How to complete this task
Every line below that contains the word "Sport" must be copied.

(Extracted data entries)
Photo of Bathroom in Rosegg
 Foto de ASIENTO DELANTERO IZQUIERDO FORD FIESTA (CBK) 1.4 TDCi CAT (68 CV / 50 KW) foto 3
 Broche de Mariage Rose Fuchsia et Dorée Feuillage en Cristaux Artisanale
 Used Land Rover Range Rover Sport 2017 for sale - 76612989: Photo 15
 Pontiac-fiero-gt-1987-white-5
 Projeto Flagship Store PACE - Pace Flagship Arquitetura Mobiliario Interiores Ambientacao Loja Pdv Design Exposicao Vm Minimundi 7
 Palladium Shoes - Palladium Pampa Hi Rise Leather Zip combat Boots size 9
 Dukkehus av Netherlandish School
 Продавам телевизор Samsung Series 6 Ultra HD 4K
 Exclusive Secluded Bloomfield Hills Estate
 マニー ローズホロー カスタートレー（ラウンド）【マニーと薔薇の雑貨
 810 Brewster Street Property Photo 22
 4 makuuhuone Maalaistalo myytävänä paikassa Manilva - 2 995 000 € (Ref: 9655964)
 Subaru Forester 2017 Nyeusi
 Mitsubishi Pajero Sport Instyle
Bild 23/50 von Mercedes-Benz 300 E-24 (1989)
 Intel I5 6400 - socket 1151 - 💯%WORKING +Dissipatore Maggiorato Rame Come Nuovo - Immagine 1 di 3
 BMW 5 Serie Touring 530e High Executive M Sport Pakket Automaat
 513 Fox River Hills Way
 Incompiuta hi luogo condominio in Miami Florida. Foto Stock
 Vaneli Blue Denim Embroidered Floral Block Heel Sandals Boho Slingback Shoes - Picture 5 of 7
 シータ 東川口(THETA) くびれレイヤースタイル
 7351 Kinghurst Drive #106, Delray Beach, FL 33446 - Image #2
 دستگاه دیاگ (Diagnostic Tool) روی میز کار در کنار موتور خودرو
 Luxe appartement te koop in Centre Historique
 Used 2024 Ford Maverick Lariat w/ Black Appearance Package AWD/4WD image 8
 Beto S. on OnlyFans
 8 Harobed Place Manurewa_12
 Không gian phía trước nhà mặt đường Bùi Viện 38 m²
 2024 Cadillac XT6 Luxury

Output
 Used Land Rover Range Rover Sport 2017 for sale - 76612989: Photo 15
 Mitsubishi Pajero Sport Instyle
 BMW 5 Serie Touring 530e High Executive M Sport Pakket Automaat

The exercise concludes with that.